3. THE STRANGLING DESIRES (13:22)

Once again, seed is scattered from the sower’s hand, this time falling among the thorns. Like the second soil, here the seed starts well, even maturing into a plant. And yet, the thorns also grow and end up strangling the seed. And so, in 13:22, Jesus explains: [READ]. Earlier we said the second soil, the rocky ground and its shallow reception of the Word, perhaps represents most of those around Jesus, that generation which was happy to be hearers and yet would not be believers. However, when we come to this third soil, I think we likely find the soil we here at Grace Church are most in danger of becoming. If you regularly come along to our services, it is less likely that you are the first type of soil, those refusing to even give Jesus a thought, even consider his claims to be the Christ. And though the world around us is becoming more and more hostile to Christianity, we do not yet suffer the level of difficulties and persecution that many of our brothers and sisters throughout history, and across the world today, must suffer for Jesus’ sake, the situation of the second soil. However, when we come to the third soil, the strangling and choking thorns of the worries of life and deceitfulness of riches, we come face to face with what surrounds us every day here in Guildford, Surrey. It is not persecution that is our greatest threat, but it is prosperity. Which is just, if not even more, as deadly a danger. As the puritan Matthew Henry comments,‘Prosperity destroys the word in the heart as much as persecution does; and [even] more dangerously, because [it destroys it] more silently.

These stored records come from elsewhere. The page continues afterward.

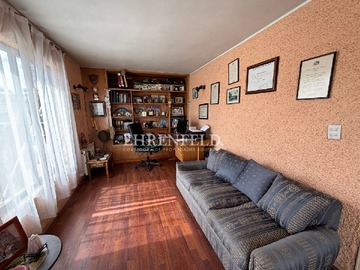 Imagen 25
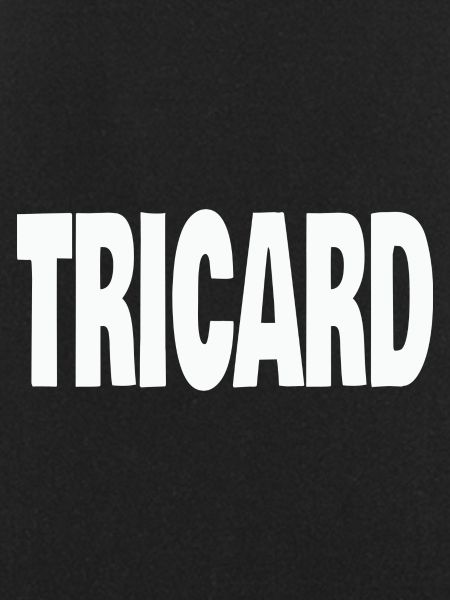 tricard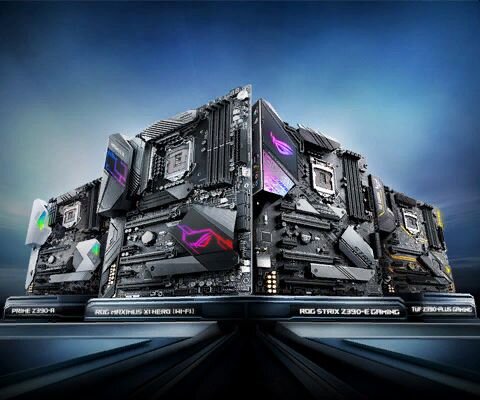 Фото взято из открытых источников.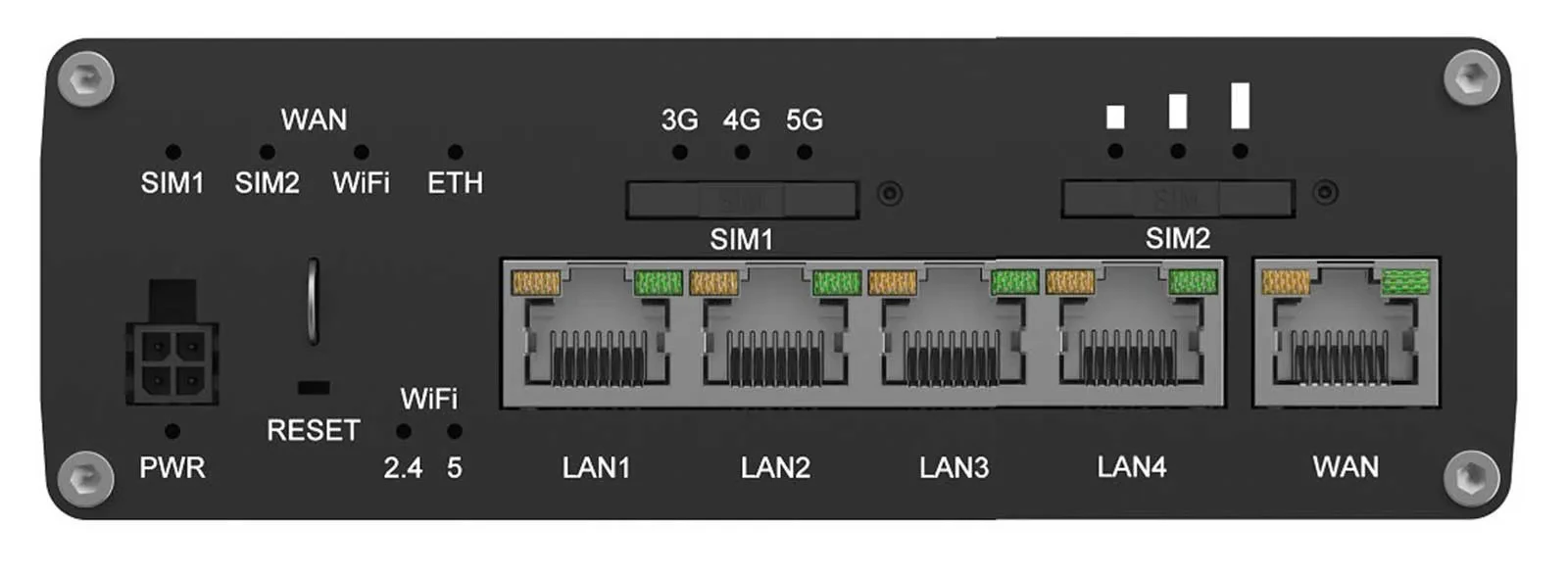 Изображение №7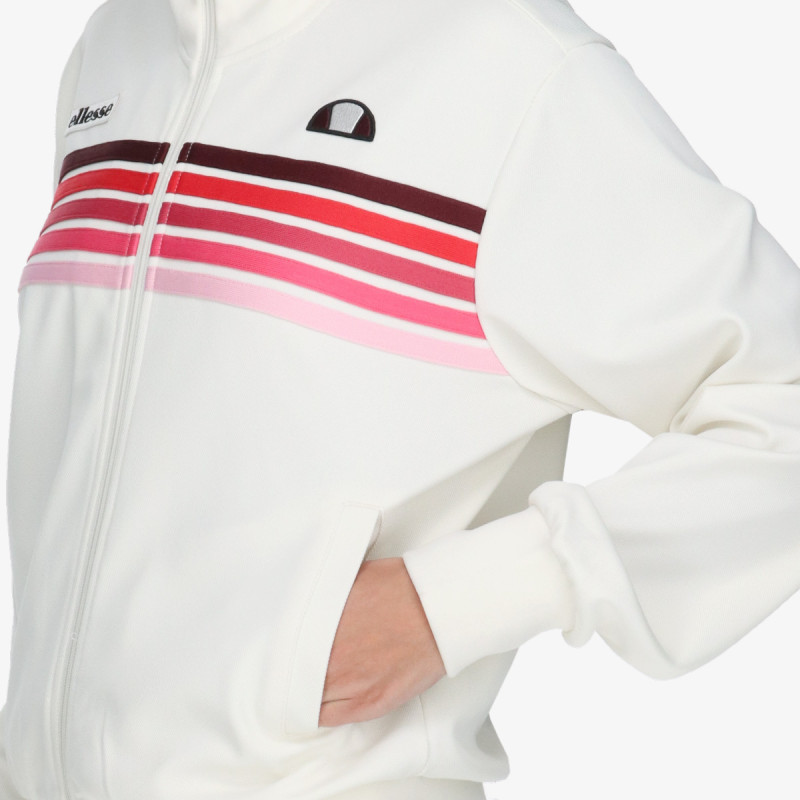 Ellesse Kabát ELLESSE LADIES JACKET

Here we see that the strangling desires of our hearts can keep us from believing the Gospel. And it is important for us to emphasise the heart aspect of this, for our ultimate problem is not from without, but from within. It is not wealth itself but being deceived by wealth that is the issue. What we have in our bank accounts is not the problem, it is what we have in our hearts that ultimately matters. And yet, given that our hearts are prone to sin, be so easily drawn away by sinful desires, the Bible repeatedly warns us about the danger of wealth, the additional responsibility and temptation it brings. I’ve never previously quoted the American gangster rapper The Notorious B.I.G, and I am fairly confident that I will never do so again. However, he does summarise the point well in his 2020 hit entitled, ‘Mo Money, Mo Problems’. Or as Jesus alludes to here: more wealth, more worries. The more we have, the more our sinful hearts have to worry about, be deceived by. And yet, we cannot simply solve this problem by emptying our wallets. No, we must undergo the much harder task of emptying our hearts. I think this is driven home by the fact Jesus here not only warns about the deceitfulness of wealth, but also the general worries of life. Worries that surely include those that Jesus mentions back in Matthew 6, where he warns us not only about storing up treasure, but also worrying over everyday essentials: what we will eat or drink, what we will wear. No matter where we are on the spectrum of wealth, whether we worry about how to invest in more properties, or how to pay for the groceries or utilities next week, our hearts can be distracted and drawn away from the one thing that really matters, hearing and understanding God’s Word, by the things of this life and the worries of this world.

When Sarah and I got married and first moved to London in 2015, we became members of a small church that had a little garden out the back of the building. In a part of London where most of us lived in flats, it was great to have this space! The only problem was, the garden hadn’t been looked after for about 15 years. It had become so overgrown, that when you opened the fire door at the back of the building, you were met by a wall of thorns. You couldn’t see anything or go outside. It was so bad, that even the longest serving members of the church, couldn’t remember what was beyond the thorns! To do be able to use the space, we had to cut it all back and down. Before anything else could come and live there, we had to make some room. It would have been insane to simply buy seeds from B&Q and sow them into the jungle of thorns! They wouldn’t have stood a chance!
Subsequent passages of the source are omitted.